Pivoting quickly, I dashed out the operating room down to the nurse's lounge. Slamming the door, I ripped off my gown and threw it to the floor. Harsh sobs racked my body. I collapsed into one of the armchairs tucked into the room. Holding my head in my hands, I wept.

Why? Why could I not save him? I had my hands on that heart, held his life in my hands, and I let it slip through my fingers along with his blood.

I had never felt anything like this before. Like everyone else, I too had suffered pain from the death of a loved one but I had never felt such an intense pain over one of them. Few have felt a pain as strong as the one that rocked me to my core over the death of this complete stranger. Honestly, I knew I should have felt nothing. I am a nurse; therefore, death comes with the profession. I was going to see a lot of it. So why did this boy's death hurt me so? Why was it that all I want to ask was, "How could this have happened?"

I jumped as the door opened. Through my tear-blurred vision, I could barely make out the figure of Melinda, gently shutting the door and making her way over to me. Sitting down in the chair closest to me, she asked, quietly, "How are you holding up there, Kimmy?"

This just brought a fresh round of tears and I could not answer her through the sobs. Quietly, she simply rubbed my back and whispered comforting words to me. When the sobs finally subsided enough to allow me to talk, I whimpered, voice cracked and hoarse, "I lost him… why?"

"He was badly hurt, sweetie," Melinda said, patting my shoulder soothingly. "We did all could."

"It's all my fault," I choked out. "I had to stop the blood… and I… I couldn't."

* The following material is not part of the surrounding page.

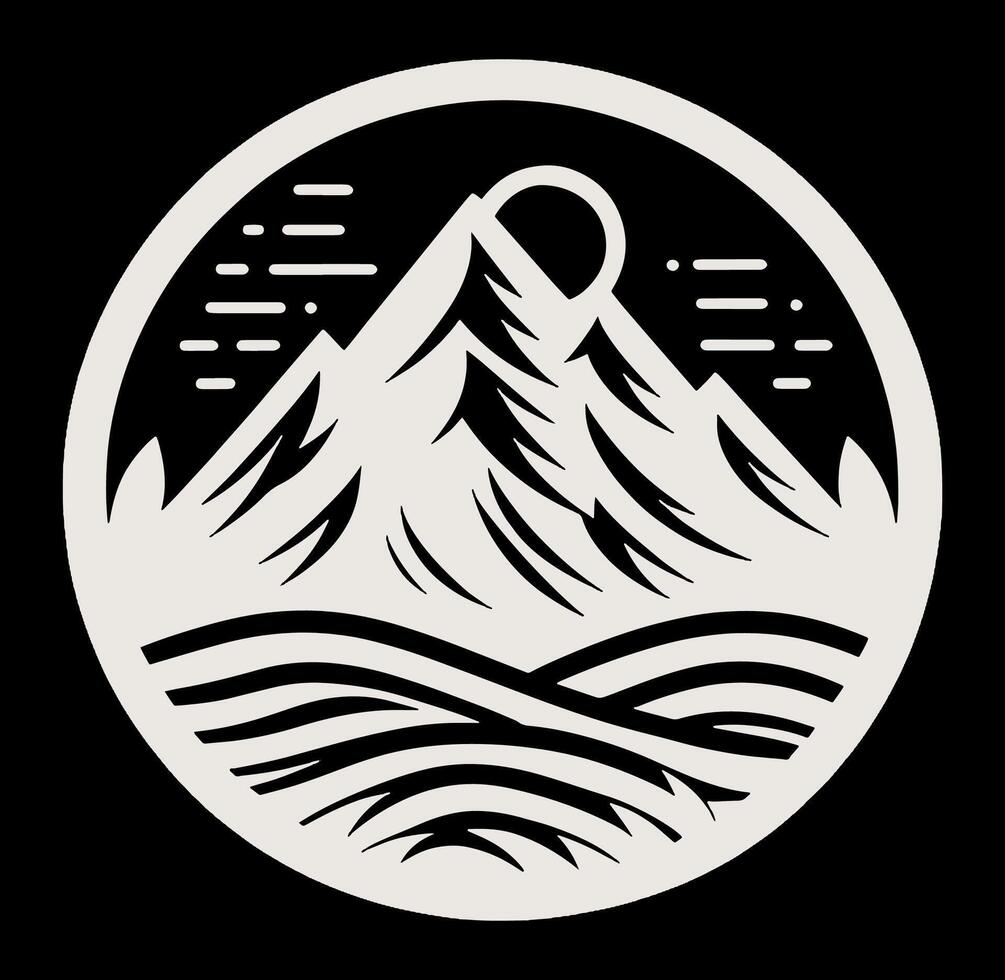 A mountain with waves and a sun in the background vector
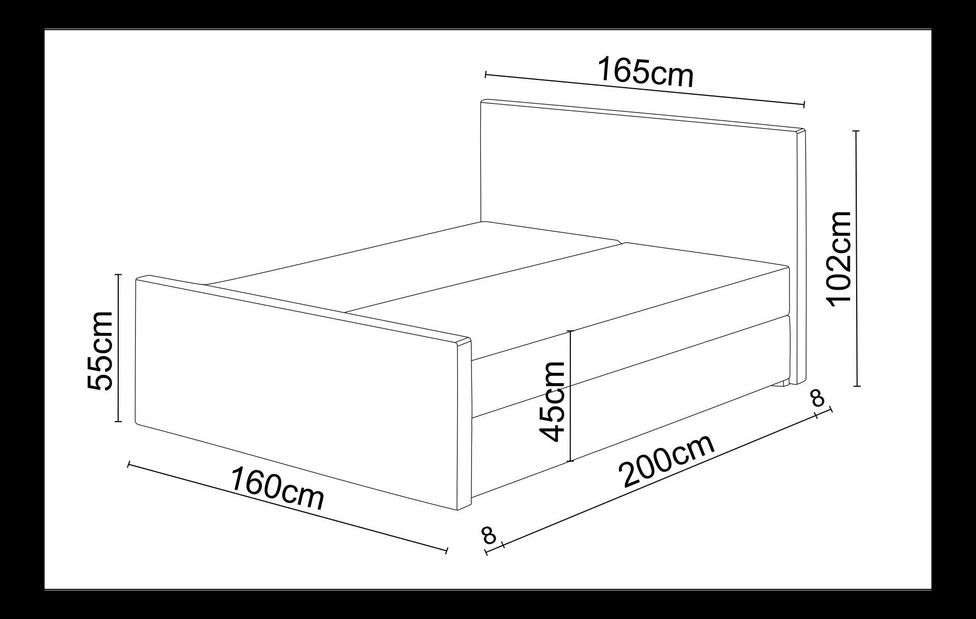 Bračni krevet Boxspring 160 cm Milagros 3 (crna) (s madracem i prostorom za odlaganje)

"No, no, Kim," Melinda said, firmly but kindly. "There was nothing that could have been done. I know. I was there. I was watching and I saw you do your best to stop him from bleeding out. I could not have done better myself."

Though I was skeptical of these words, I used them as a mantra to allow myself to calm down. Wiping the last of my tears from my cheeks, eyes puffy and burning, I turned to Melinda and forced a weak smile. "Thanks."

"No problem," she said, standing. As she walked out the door, she paused and looked back at me and added, "I know it sounds terrible, but it does get easier." With that, she left.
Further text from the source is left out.